On Oct. 2, a group investigating the slayings said at a press conference in Tunis that it has voice recordings and new documents proving that members of a secret organization connected with Ennahda were not only involved in the assassinations, but also infiltrated state institutions to steal thousands of related documents from the Tunisian Ministry of Interior.
The group presenting the information is composed of lawyers who weren't satisfied with the initial investigation into the assassinations. The group, which calls itself the Committee for the Defense of Martyrs Chokri Belaid and Mohamed Brahmi, said it will demand that the judiciary examine the information.
Belaid — founder of the secular Popular Front party, which opposes Ennahda — was shot dead in front of his Tunis residence Feb. 6, 2013. Five months later, on July 25, Popular Front leader Brahmi was assassinated the same way. One person, Mustafa Khadr, was arrested in the case and police later killed another suspect, Kamel Gadhgadhi, in Rowad. Gadhgadhi was a senior member of Ansar al-Sharia, which was designated as a terrorist organization in August 2013.
Khadr is serving an eight-year jail sentence for being a leader of the secret organization. The defense committee for Belaid and Brahmi considers this sentence too light and believes there are several other security figures linked to Ennahda who were involved in the assassinations. These figures, the committee said, want the case to be closed without revealing the full truth.
The committee noted that not all documents implicating Khadr were handed over to the judiciary; the group said these documents could implicate others.
The committee also claimed that the secret group started a parallel security apparatus in the Ministry of Interior and engineered the assassinations, and alleged that this apparatus had a direct relationship with Ennahda leader Rashid Ghannouchi, among others in the party. The committee also said there are security leaders involved with Ennahda who are still hiding evidence.
Meanwhile, Al-Sabah newspaper on Oct. 3 published some of the committee's documents that appear to back these accusations, including a confession Khadr made during his 2013 interrogation and details about Ennahda’s alleged underground activities.
Rida al-Radawi, a member of the group investigating the murders, told Al-Monitor that after Ennahda won the largest percentage of seats in the 2011 parliamentary elections, the party appointed some of its close associates to the state’s official security apparatus, which has since enabled Ennahda to intervene in several sensitive cases, including the 2013 political assassinations.
Radawi claims Khadr still possesses the most important documents about the assassinations of Belaid and Brahmi. Between 2011 and his arrest in 2013, Khadr allegedly played a major role in illegally gathering intelligence information through the secret group, which also collected information about journalists and military personnel. Khadr also had connections with the banned Ansar al-Sharia organization, Radawi said.
According to the committee's report, the Ennahda-affiliated crew also tried to influence judges, cooperated with the outlawed Muslim Brotherhood in Egypt, surreptitiously obtained information about the Algerian military and tried to penetrate the US Embassy for espionage purposes.
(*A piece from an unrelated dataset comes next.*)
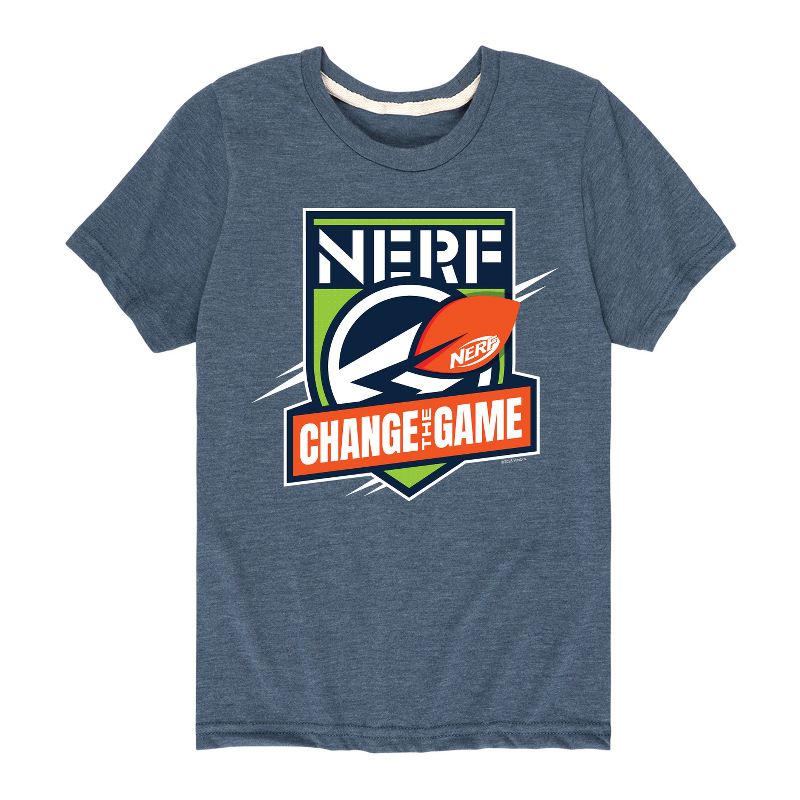 تي شيرت كرة قدم بأكمام قصيرة مطبوع عليه شعار "تغيير اللعبة" للأولاد من NERF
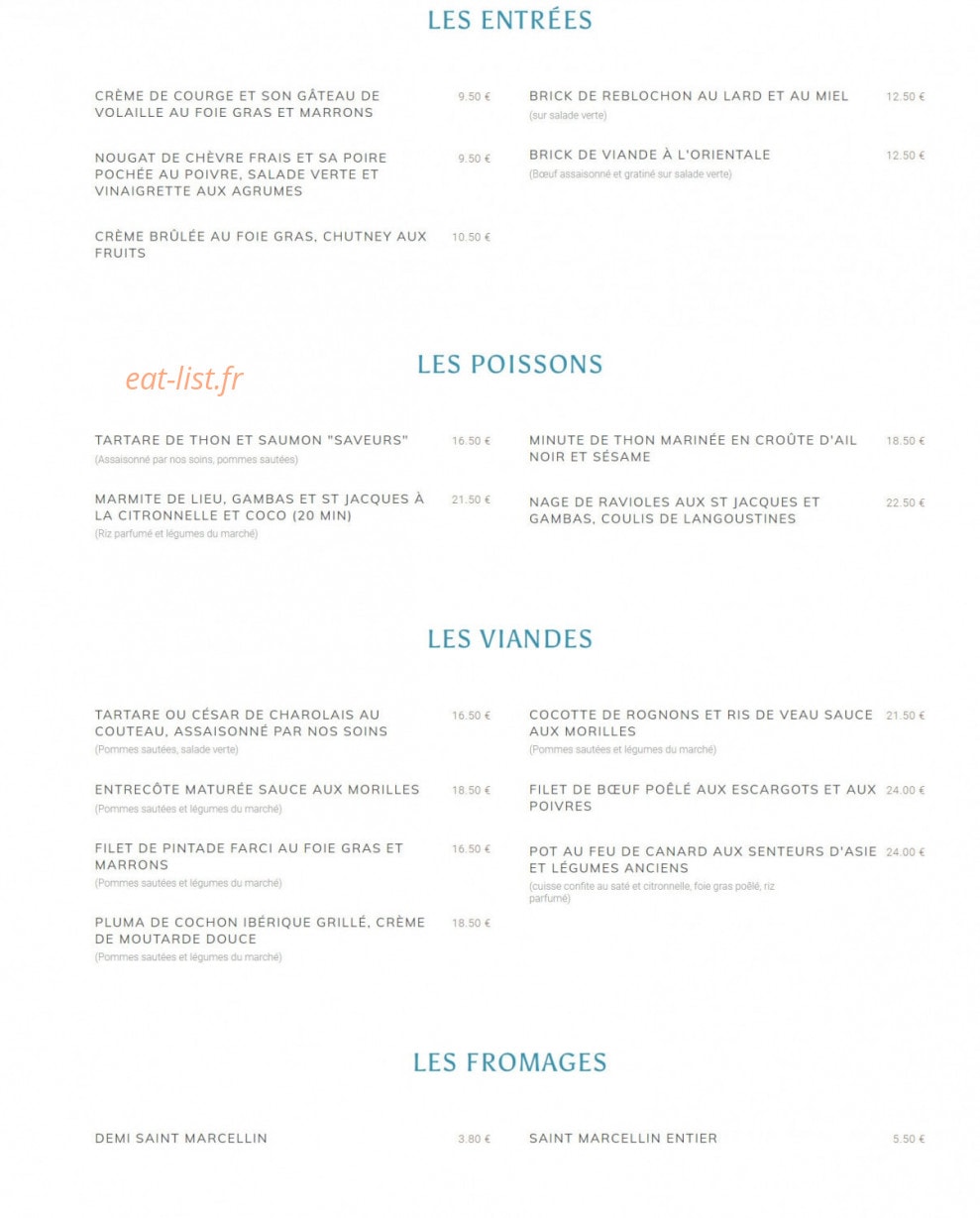 Aux Phils Des Saveurs — carte page 1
Fatma Mseddi, a parliament member representing the secular political party Nidaa Tunis, called on the government to take serious action regarding the security concerns presented at the press conference. She told Al-Monitor that she wants the government to freeze Ennahda’s activity and form an open panel of judges, security experts and civil society activists to examine all the documents the investigating committee presented in public, and then refer that information to the judiciary.
“Ennahda must be dissolved because it doesn't respect the law of parties and associations in Tunisia, and it should be classified as a terrorist organization if its involvement in political assassinations and its association with the Brotherhood turn out to be true,” Mseddi said.
Parliamentarian Ziad al-Akhdar of the Popular Front party agreed with that assessment.
“The judiciary must assume its responsibility and consider the evidence presented by the defense more seriously,” he told Al-Monitor. “We in the Popular Front do not seek to eliminate Ennahda, but we want the law to take its course to achieve justice in the assassination of Belaid and Brahmi."
In an Oct. 3 statement, Ennahda described the accusations made by the defense as lies and slander. It said the Popular Front is trying to damage Ennahda's reputation and ruin Tunisia's foreign relations.
The statement added that Ennahda is an official political party and is committed to the party-regulating law it helped draft, which renounces violence. It further called on the Popular Front to adhere to the decisions and rulings of state institutions, especially the judiciary.
The head of Ennahda’s Shura Council, Abdelkarim Harouni, told privately owned Nessma TV on Oct. 2 that the Popular Front was using the judiciary to try to overthrow the movement by tying it to the assassinations. He said the Popular Front is using the accusations to gain power after failing to do so through democratic means.